(Beginning of Information supplied)

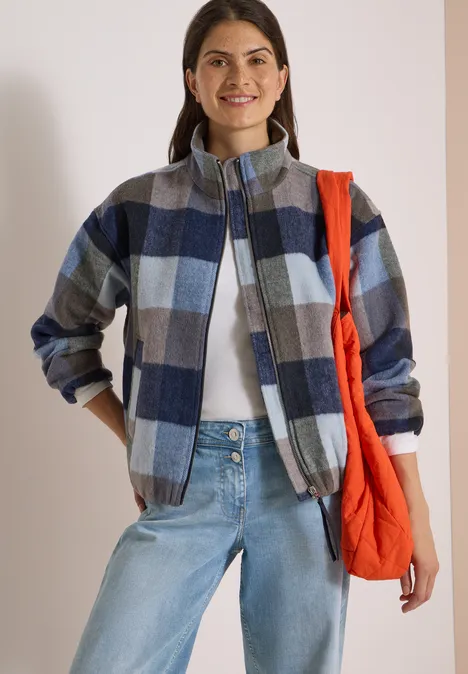 Frau in karierter blau-grauer Jacke, weißem Shirt, hellen Jeans und roter Tasche über der Schulter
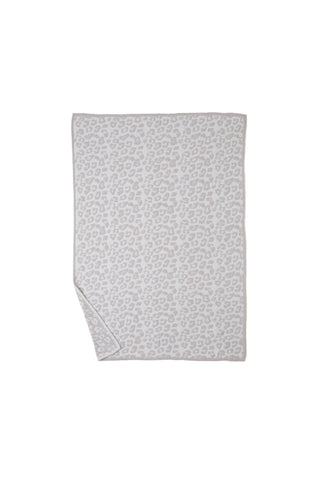 Lifestyle shot showing Barefoot Dreams throw perfect for couch lounging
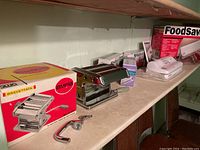 Ampia Brevettata pasta maker with shiny chrome finish next to original box and detachable handle clamp on a countertop.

(End of Information supplied)

-- Exercise details --
Full copy, no pictures: write out each line of the data exactly as it stands.

-- Exercise response --
 Frau in karierter blau-grauer Jacke, weißem Shirt, hellen Jeans und roter Tasche über der Schulter
 Lifestyle shot showing Barefoot Dreams throw perfect for couch lounging
 Ampia Brevettata pasta maker with shiny chrome finish next to original box and detachable handle clamp on a countertop.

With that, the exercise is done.